Italian shoe production plunged 25 percent between 1986 and 1989, for example, and despite an upturn in the beginning of 1990, shoe producers are predicting further shrinkage of production. Italy's nearly 9,000 shoe manufacturers export 80 percent of their production - two numbers that indicate both the small scale of production and the industry's dependence on exports.
At the same time, Italy has the weakest presence among industrial nations in the high-tech sectors that are expected to enjoy fast growth over the next decade.
``The most dynamic sectors in the world economy will be areas where Italy is not specialized, and that will create problems,'' says Lelio Iapadre, director of ICE's economic research department.
ITALY'S small companies, which employ a larger share of workers than in any industrial country but Japan, and which played such an important role in the phenomenal growth of the past eight years, will face tough odds in trying to improve export performance. Small companies will have a harder time making the investments needed for continuous innovation, and global marketing, a number of economists here say.
Finally, with a national debt equal to annual economic output and an annual deficit at about 11 percent of gross domestic product (GDP), inflation and interest rates will be kept up. Not only does that make the bank loans small companies are dependent on for investment more expensive, but some economists worry that public borrowing needs dry up credit sources for the private sector.
Italy's growth over the past decade wasn't so much a ``miracle,'' as some pundits have labeled it, as it was a reaction to a lag compared to other industrial countries. The harder part, some economists predict, will come in the 1990s.
The growth of the last decade ``was a restructuring of technological capability and production means, not a launching into new sectors,'' says Alberto Heimler, a research economist at Confindustria, Italy's confederation of business owners and managers.
The problem for the next decade, he says, will be enlarging capacity, and diversifying.
Some economists say that part of Italy's boom in the 1980s was the result of a ``catch-up effect'' from the '70s, when unstable social conditions, ranging from terrorist attacks to labor unrest, discouraged industrial investment.
Fabrizio Barca, a senior researcher with Bank of Italy, says small companies grew in part because they had the flexibility and specialization to quickly supply larger companies with parts and products they needed. Yet in a recent report on small Italian companies, Dr. Barca warns they could face their own damaging ``technological lag'' if financing remains difficult because of high interest rates.

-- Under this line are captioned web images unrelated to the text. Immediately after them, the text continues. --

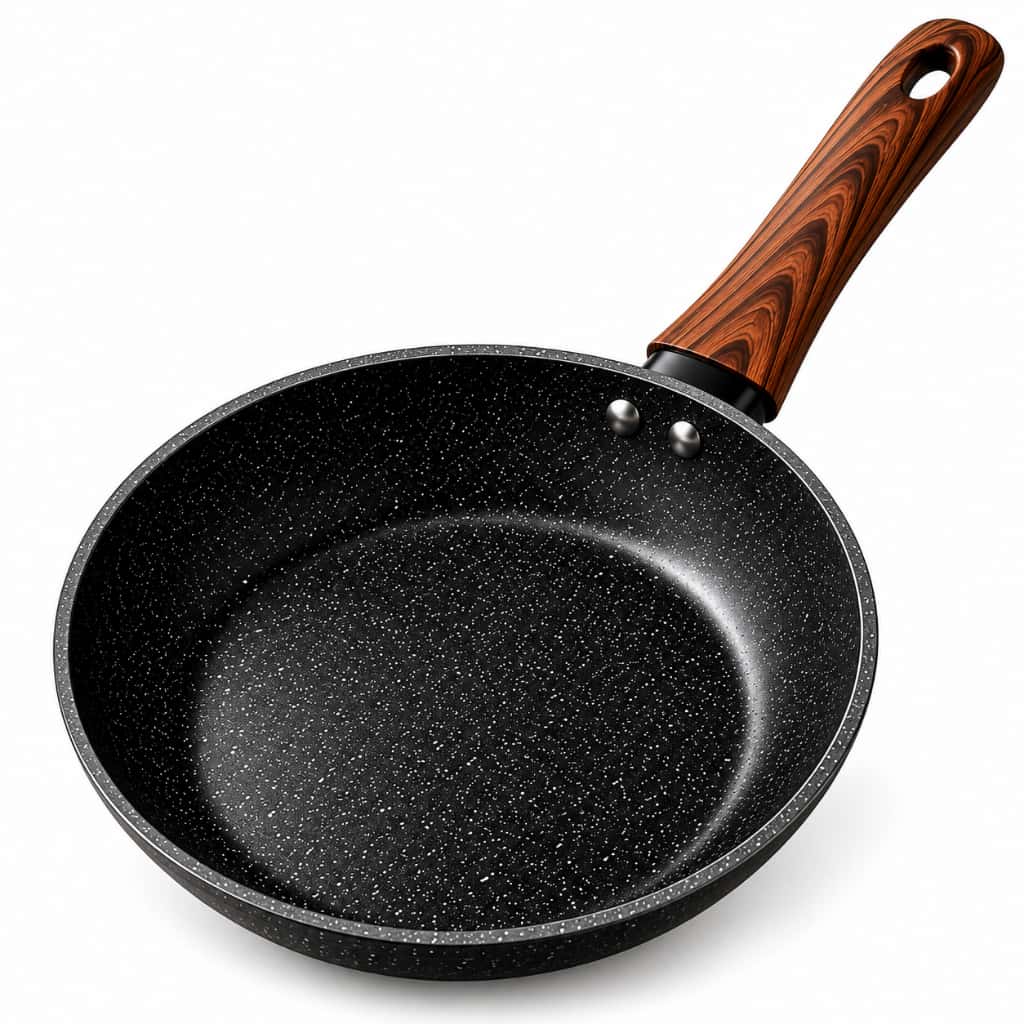 Frigideira De Indução E Gás Revestimento Cerâmico Antiaderente 4 mm Reforçada Com Cabo Ergonômico Top, imagem 1 de 1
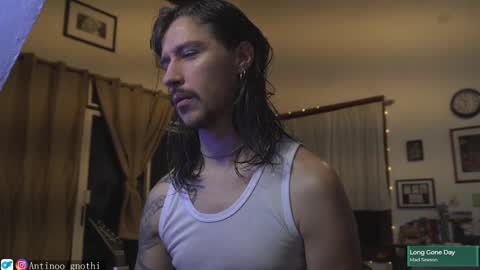 Antinoo Gnothi online show from 8, 1, 2025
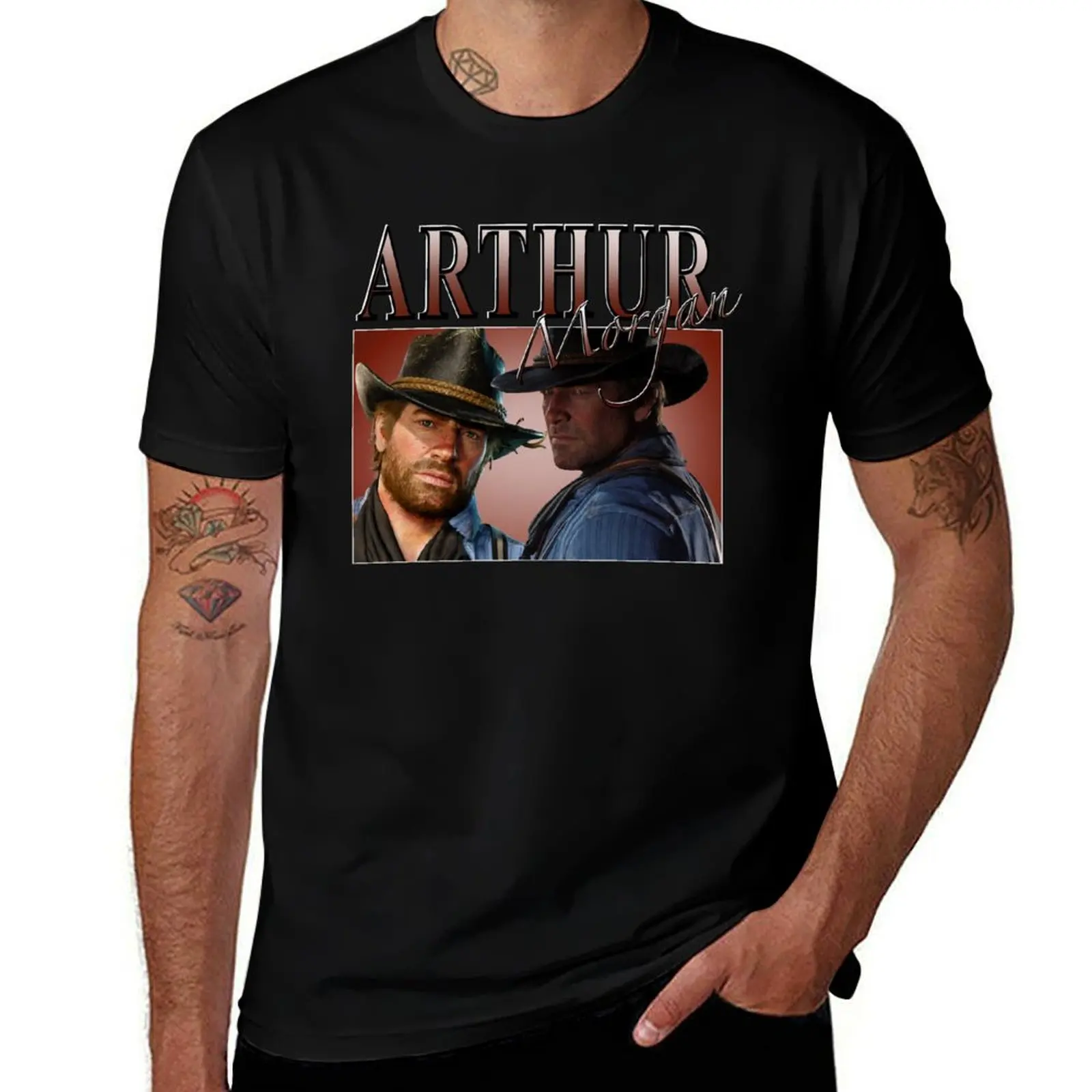 

Arthur Morgan Appreciation T-Shirt t shirts for man pack white t shirts designer T-Shirt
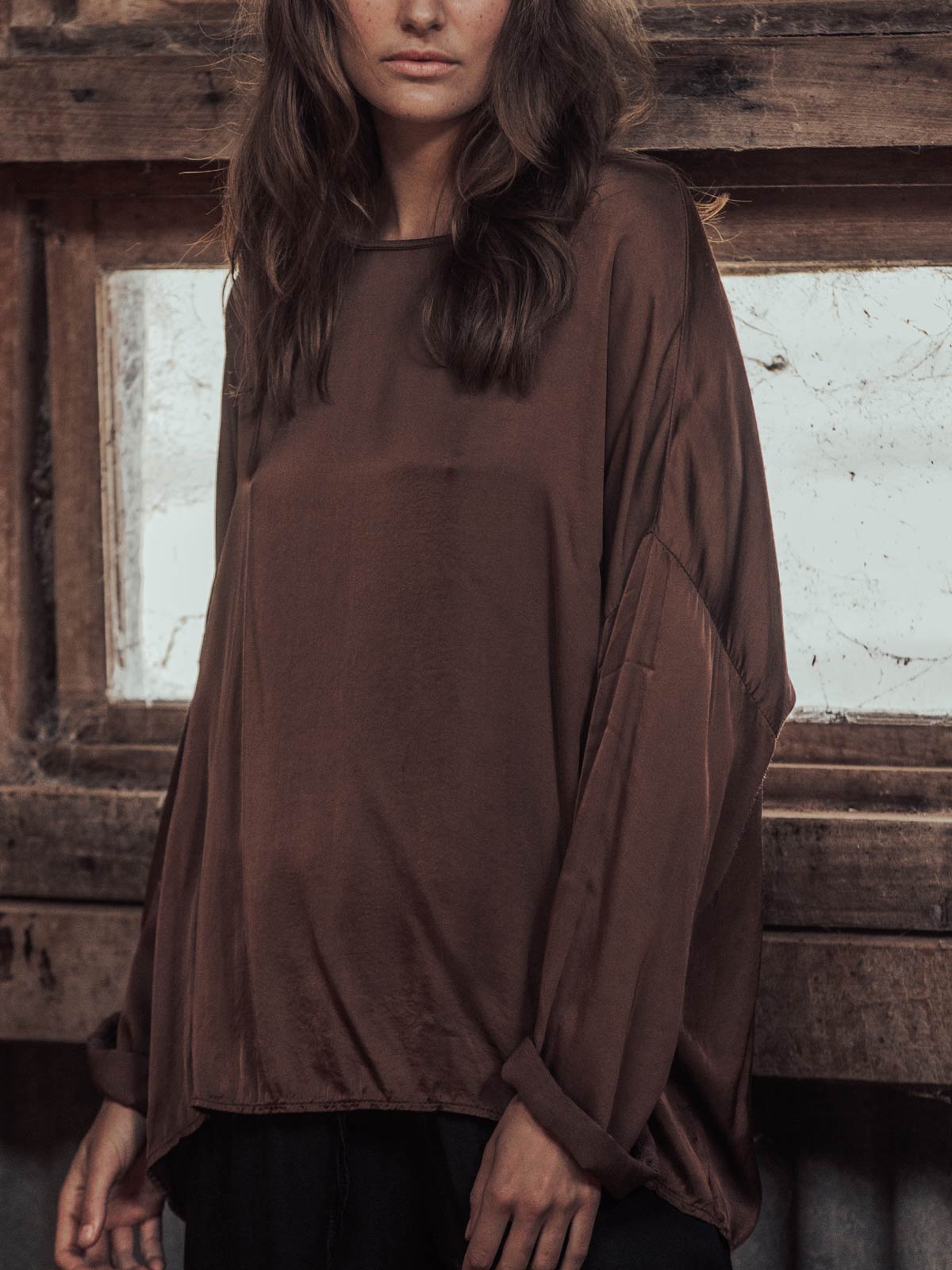 Flowy Tee Shirt L-S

Unlike larger companies that generally have deeper pockets, small companies are more dependent on banks - which are often very small, (Italy has more than 1,000) and reluctant to lend to high-risk small firms.
Other economists worry that the much-touted ``family networks'' that have created many of Italy's companies - Benetton apparel is the creation of three young members of the same family - lack the financial resources to expand and innovate.
``The smallness that was so many companies' strength over the past 10 years will for some become a disadvantage in the future,'' says Luisa Picozzi, director of quarterly reports for ISTAT, the national statistics institute.
First among answers for Italian industry's problems, economists say, is bringing down interest rates.
But that is unlikely to happen soon: the government is expected to miss its spending target for next year and still suffer a deficit of nearly 10 percent of GDP, more than double the percentage of any other major industrial economy.
And much deeper spending cuts seem unlikely. Austerity measures have already cut government spending to match receipts: It is huge interest payments on past debts that keep Italy in the red.
At ICE, Mr. Iapadre says Italian companies can continue growing not necessarily by expanding themselves, but through partnerships with other companies, both domestic and foreign.